Richard rang. Could I come to Montacute. A tenant had some damp problems and he needed to dig a French drain.
Though he had a vague memory that a drain had already been dug against the building… back in the 80s… he said that ‘The Borough’ was at the gates of the Montacute House and was one of the oldest houses in the village.
Probably best to have an archaeologist watch the soil while he wielded the JCB.
To be honest it would be good to get out. Too many on-screen meetings from my back room since returning from furlough, so I took the A303 west into South Somerset.
Soon, I was driving down the main street of the ancient honey-coloured Ham stone village. I passed the church on the right and arrived at the gates to Montacute House.
They were locked… with a message on the railings to phone the house. Graham answered and walked up the drive to let me in.
We greeted each other, shared our ‘lockdown’ experiences… from a distance…and then I drove round the corner to the overflow car park.
There, in the corner of the grass covered area, was the gable end of the Borough with 4m high stone kitchen garden walls running up to it from the north and the east. The ground floor window was almost at soil level. No wonder there was a damp problem with the cottage kitchen floor over a metre below the car park ground surface.
Richard had already taken off a 1.5m wide strip of turf against the cottage and I got out my drawing board and created a scale plan. I could see that there was a gravel surface 0.7m wide against the wall and then dark soil, so as I can’t help but think in context numbers… the turf would be (1), the gravel (2) and the dark soil (3). (3) had bits of coal and clinker and a mix of pottery.. blue and white willow pattern but no plastic so it felt like a pre 1960s deposit.
I guessed that the gravel (2) was the upper filling of the old, now useless, drain that Richard had mentioned.

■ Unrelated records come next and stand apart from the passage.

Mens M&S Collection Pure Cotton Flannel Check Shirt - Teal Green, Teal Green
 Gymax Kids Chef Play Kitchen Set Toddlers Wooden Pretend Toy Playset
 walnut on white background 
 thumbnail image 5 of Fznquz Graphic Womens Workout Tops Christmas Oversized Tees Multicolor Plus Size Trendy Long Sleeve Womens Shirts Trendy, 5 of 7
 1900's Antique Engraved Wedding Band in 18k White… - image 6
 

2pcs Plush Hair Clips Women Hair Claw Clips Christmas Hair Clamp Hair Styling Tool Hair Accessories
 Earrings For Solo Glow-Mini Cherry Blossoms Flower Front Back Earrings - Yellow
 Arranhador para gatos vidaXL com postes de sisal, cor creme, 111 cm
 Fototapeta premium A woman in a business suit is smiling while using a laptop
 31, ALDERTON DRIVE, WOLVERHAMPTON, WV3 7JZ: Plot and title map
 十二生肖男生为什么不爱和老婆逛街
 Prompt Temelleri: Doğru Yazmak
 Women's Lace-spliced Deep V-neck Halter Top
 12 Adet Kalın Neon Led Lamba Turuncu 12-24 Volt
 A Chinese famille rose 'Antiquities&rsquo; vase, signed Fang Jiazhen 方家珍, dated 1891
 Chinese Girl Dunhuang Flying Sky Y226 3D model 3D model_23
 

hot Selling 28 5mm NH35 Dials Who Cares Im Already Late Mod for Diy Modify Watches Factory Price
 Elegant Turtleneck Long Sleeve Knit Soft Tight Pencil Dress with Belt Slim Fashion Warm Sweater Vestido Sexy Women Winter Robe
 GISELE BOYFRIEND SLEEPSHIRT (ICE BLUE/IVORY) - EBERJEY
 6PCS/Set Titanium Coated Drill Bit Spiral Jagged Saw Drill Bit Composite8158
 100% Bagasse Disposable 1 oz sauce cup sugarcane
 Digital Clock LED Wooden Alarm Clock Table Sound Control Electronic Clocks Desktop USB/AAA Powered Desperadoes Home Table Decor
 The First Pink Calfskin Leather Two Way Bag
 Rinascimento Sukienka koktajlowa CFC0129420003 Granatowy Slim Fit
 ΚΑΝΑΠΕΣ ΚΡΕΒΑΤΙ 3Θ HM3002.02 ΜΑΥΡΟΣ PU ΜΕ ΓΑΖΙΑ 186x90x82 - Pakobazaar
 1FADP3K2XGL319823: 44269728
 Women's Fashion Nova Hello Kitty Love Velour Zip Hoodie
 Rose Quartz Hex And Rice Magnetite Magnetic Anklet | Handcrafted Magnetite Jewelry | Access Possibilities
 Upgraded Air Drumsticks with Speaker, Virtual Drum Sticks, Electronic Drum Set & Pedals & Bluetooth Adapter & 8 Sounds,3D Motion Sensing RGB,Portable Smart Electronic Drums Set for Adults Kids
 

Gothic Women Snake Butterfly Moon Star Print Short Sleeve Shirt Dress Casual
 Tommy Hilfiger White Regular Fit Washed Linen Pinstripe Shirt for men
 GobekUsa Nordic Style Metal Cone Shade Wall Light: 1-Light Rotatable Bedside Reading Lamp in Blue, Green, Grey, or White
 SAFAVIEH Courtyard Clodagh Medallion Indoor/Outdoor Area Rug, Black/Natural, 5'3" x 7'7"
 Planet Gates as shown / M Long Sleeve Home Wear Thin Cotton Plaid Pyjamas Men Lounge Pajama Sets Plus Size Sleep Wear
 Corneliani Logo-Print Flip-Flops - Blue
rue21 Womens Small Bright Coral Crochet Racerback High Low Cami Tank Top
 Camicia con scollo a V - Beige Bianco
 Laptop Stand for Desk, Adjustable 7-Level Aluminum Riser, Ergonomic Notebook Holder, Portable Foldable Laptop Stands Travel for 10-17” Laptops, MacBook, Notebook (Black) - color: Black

Richard turned up with the digger and Dean with the mini tractor and trailer and the gravel was scraped off. This turned out to be just a skim on top of the real drain filling which consisted of large chunks of Ham stone in a clinker and ash silt.
This I called (4).. and it was 0.7m deep … so (2) and (4) filled a trench  which was cut down through (3) . Dean gave me a whole Victorian wine bottle he had pulled out of (4) but there were fragments of more modern pottery too. The blocks of stone were debris from some demolished building or buildings because some had moulded and dressed edges.
As Richard dug them out, Dean pulled them from the trailer and placed them against the wall for reuse,
The wall of the cottage at this modern drain level had been lined with Welsh slate on concrete…to keep the damp out…unsuccessfully…. as it turned out.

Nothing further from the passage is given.